The pre-motor stages of Parkinson’s, which can include rapid eye movement sleep behavior disorder and hyposmia, or a reduced sense of smell, often begin setting in 10 to 15 years before the disease is diagnosed. Dopamine deficiency is the cause of most Parkinson’s symptoms, and by the time of diagnosis, 60 to 70 percent of dopamine-releasing neurons are already damaged, so treatment options are limited. With earlier detection, we may be able to delay the disease’s progress.

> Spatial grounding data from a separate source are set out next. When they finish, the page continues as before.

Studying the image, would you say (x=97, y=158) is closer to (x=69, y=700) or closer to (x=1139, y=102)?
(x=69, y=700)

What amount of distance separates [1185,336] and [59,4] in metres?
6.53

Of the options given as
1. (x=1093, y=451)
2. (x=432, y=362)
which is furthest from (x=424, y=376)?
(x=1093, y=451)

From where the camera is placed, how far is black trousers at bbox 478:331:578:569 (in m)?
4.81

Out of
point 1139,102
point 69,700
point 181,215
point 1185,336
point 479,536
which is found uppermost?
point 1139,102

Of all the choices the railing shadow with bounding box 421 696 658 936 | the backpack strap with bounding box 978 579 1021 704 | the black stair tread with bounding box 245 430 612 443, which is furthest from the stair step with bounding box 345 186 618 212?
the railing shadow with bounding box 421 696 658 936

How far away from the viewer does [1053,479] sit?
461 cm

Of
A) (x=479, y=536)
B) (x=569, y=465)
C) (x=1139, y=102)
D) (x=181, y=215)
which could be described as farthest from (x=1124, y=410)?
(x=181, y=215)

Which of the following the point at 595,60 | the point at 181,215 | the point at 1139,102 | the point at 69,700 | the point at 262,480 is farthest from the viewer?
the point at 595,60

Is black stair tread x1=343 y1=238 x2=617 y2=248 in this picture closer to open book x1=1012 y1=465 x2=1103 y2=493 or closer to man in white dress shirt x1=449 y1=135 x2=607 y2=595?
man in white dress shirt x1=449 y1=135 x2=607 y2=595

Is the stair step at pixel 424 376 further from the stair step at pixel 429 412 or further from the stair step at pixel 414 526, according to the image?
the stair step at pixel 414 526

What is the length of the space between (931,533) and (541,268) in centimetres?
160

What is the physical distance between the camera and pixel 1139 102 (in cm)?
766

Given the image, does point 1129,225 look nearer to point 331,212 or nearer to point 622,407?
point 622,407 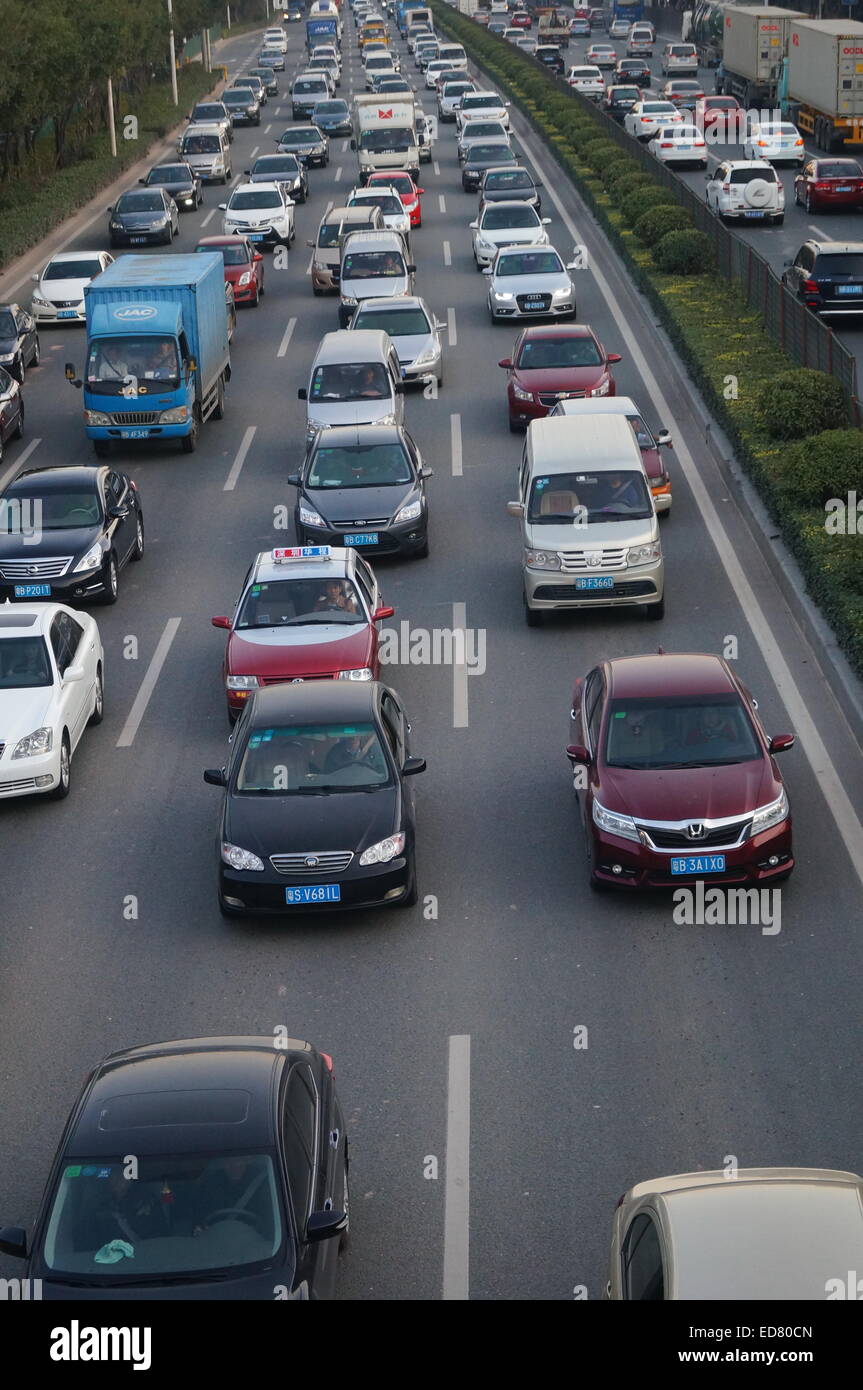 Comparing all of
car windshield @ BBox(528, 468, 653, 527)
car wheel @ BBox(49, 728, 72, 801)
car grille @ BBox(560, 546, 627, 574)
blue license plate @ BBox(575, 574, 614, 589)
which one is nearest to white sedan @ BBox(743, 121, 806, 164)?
car windshield @ BBox(528, 468, 653, 527)

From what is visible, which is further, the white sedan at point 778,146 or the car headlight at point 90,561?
the white sedan at point 778,146

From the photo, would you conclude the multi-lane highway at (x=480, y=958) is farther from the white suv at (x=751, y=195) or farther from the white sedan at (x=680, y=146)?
the white sedan at (x=680, y=146)

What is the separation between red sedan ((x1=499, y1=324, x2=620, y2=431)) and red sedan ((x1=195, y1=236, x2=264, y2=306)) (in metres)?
12.3

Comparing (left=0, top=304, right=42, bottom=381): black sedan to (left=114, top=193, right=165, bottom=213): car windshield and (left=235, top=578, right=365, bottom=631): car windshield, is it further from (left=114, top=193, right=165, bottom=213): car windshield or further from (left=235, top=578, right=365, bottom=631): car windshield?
(left=235, top=578, right=365, bottom=631): car windshield

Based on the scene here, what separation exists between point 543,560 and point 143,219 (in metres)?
30.2

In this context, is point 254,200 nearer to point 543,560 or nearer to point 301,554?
point 543,560

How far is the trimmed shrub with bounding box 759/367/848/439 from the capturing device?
23.7m

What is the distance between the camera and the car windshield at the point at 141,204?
154ft

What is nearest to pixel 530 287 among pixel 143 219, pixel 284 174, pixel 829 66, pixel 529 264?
pixel 529 264

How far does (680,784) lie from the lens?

Taking MUSE one step further
The technique builds upon the multiplexed sensitivity encoded, or MUSE, MR I invented when working at Duke University from 2007 to 2016. MUSE improved upon traditional diffusion-weighted MR scan methods, which had voxels, or 3D pixels, that were too large to allow us to see certain subregions of the brain. After moving to the University of Arizona College of Engineering in 2016, I expanded my research, including learning how to translate MR technologies to study neurological diseases.
One of the main challenges in translating these technologies to a patient population is that they must address several limitations of existing technology at once, including limited resolution, susceptibility to motion artifact and the length of scan time. Our interdisciplinary work has been facilitated by my membership in the UA BIO5 Institute, a platform uniting researchers working in agriculture, engineering, medicine, pharmacy and science to find solutions to biology-based challenges, including the treatment of diseases.